- [THE DATA]
╭──

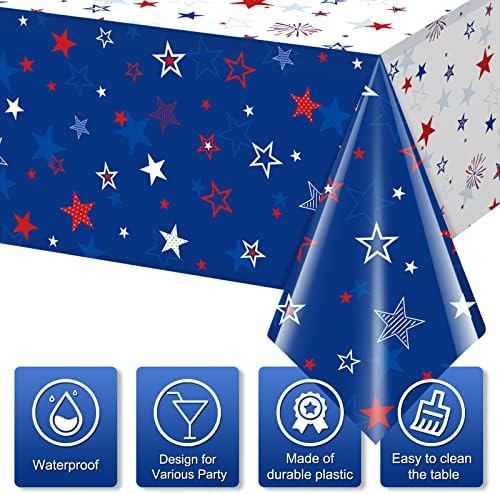 3 Pacote de toalha patriótica Decorações para o dia 4 de julho Dia da independência, capa da mesa do Dia Memorial Plástico, impressa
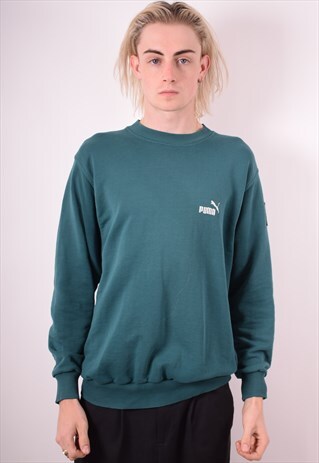 PUMA MENS VINTAGE SWEATSHIRT JUMPER MEDIUM GREEN 90S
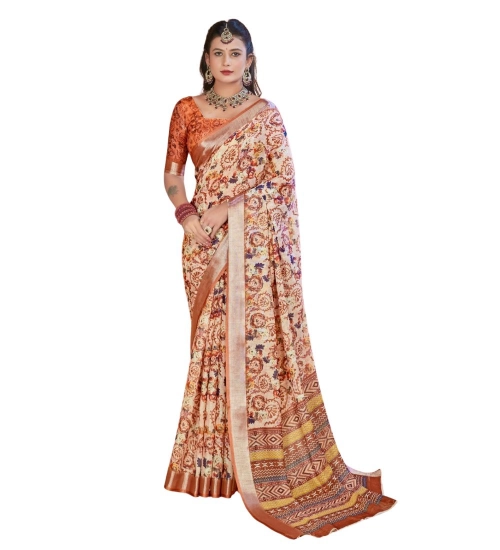 Women's Printed Cotton Linen Saree withPrinted  Saree With Unstitched Blouse (Orange , 5-6Mtrs)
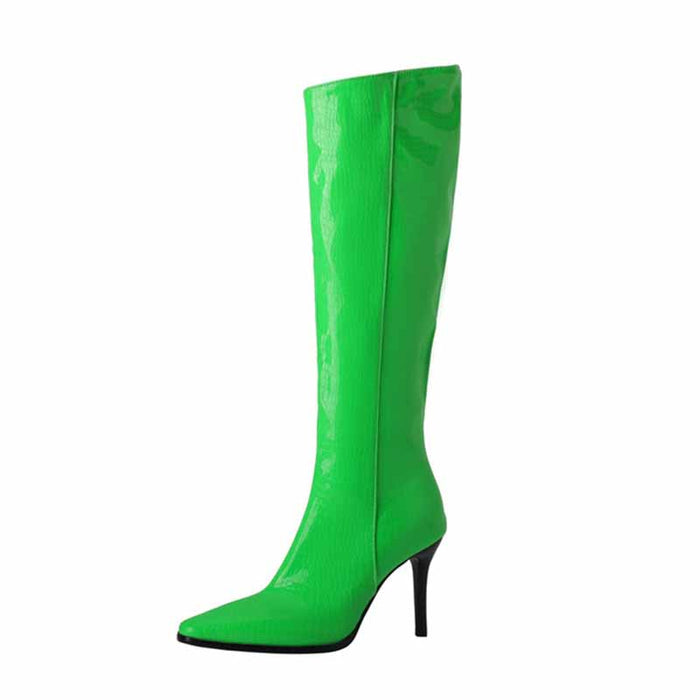 Women Knee High Zip Up Heeled Faux Leather Boots Big Size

╰──

The answer should hold every line of the listing, copied exactly, with no pictures.

 3 Pacote de toalha patriótica Decorações para o dia 4 de julho Dia da independência, capa da mesa do Dia Memorial Plástico, impressa
 PUMA MENS VINTAGE SWEATSHIRT JUMPER MEDIUM GREEN 90S
 Women's Printed Cotton Linen Saree withPrinted  Saree With Unstitched Blouse (Orange , 5-6Mtrs)
 Women Knee High Zip Up Heeled Faux Leather Boots Big Size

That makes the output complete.